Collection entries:
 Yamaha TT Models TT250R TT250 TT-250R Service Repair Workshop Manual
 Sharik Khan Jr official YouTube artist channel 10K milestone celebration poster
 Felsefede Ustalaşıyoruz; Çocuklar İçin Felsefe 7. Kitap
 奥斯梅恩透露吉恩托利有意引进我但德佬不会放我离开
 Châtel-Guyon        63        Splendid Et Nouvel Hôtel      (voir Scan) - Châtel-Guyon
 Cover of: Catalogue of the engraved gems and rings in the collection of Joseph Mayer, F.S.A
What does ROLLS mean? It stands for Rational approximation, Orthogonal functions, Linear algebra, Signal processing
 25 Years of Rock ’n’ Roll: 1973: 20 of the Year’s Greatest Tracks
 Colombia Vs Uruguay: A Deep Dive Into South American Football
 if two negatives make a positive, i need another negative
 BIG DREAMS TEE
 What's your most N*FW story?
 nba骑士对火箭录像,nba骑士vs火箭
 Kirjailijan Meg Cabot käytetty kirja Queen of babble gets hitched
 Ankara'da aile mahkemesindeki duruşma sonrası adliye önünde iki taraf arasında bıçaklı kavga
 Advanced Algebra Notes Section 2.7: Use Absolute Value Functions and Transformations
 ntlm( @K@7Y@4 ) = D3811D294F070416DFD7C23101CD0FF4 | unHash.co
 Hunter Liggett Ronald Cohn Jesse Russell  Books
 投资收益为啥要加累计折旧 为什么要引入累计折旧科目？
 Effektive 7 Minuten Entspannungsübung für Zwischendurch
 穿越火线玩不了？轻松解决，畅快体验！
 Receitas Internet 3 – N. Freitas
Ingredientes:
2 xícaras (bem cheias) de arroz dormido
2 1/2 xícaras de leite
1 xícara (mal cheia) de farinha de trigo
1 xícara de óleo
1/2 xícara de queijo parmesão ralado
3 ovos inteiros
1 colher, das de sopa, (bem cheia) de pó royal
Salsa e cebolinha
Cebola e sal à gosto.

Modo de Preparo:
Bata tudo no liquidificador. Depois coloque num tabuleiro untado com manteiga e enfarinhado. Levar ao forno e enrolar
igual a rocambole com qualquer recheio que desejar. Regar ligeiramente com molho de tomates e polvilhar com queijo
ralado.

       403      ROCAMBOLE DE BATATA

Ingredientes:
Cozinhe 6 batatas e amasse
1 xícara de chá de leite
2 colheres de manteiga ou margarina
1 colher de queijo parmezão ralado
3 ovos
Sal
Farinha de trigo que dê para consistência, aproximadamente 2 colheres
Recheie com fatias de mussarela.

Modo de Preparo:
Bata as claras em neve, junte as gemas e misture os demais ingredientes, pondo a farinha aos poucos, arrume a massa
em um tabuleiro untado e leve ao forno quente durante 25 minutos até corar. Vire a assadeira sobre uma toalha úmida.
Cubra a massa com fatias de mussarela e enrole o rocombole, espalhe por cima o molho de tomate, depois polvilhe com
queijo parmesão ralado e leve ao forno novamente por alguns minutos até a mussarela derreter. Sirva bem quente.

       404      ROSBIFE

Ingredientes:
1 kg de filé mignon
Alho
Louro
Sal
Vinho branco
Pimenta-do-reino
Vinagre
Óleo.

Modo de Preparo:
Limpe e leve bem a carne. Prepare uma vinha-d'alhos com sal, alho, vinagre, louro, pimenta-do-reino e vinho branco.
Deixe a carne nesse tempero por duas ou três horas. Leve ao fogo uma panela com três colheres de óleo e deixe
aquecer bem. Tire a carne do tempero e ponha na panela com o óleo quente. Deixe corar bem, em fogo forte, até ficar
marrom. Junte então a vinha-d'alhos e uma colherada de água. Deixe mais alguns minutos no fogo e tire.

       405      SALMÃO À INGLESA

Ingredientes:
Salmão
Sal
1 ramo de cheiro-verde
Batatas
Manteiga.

→ **PROBLEM TO WORK ON**: Find every line in the records that uses the string "tabuleiro", then copy it.

→ **TASK SOLUTION**:
Bata tudo no liquidificador. Depois coloque num tabuleiro untado com manteiga e enfarinhado. Levar ao forno e enrolar
em um tabuleiro untado e leve ao forno quente durante 25 minutos até corar. Vire a assadeira sobre uma toalha úmida.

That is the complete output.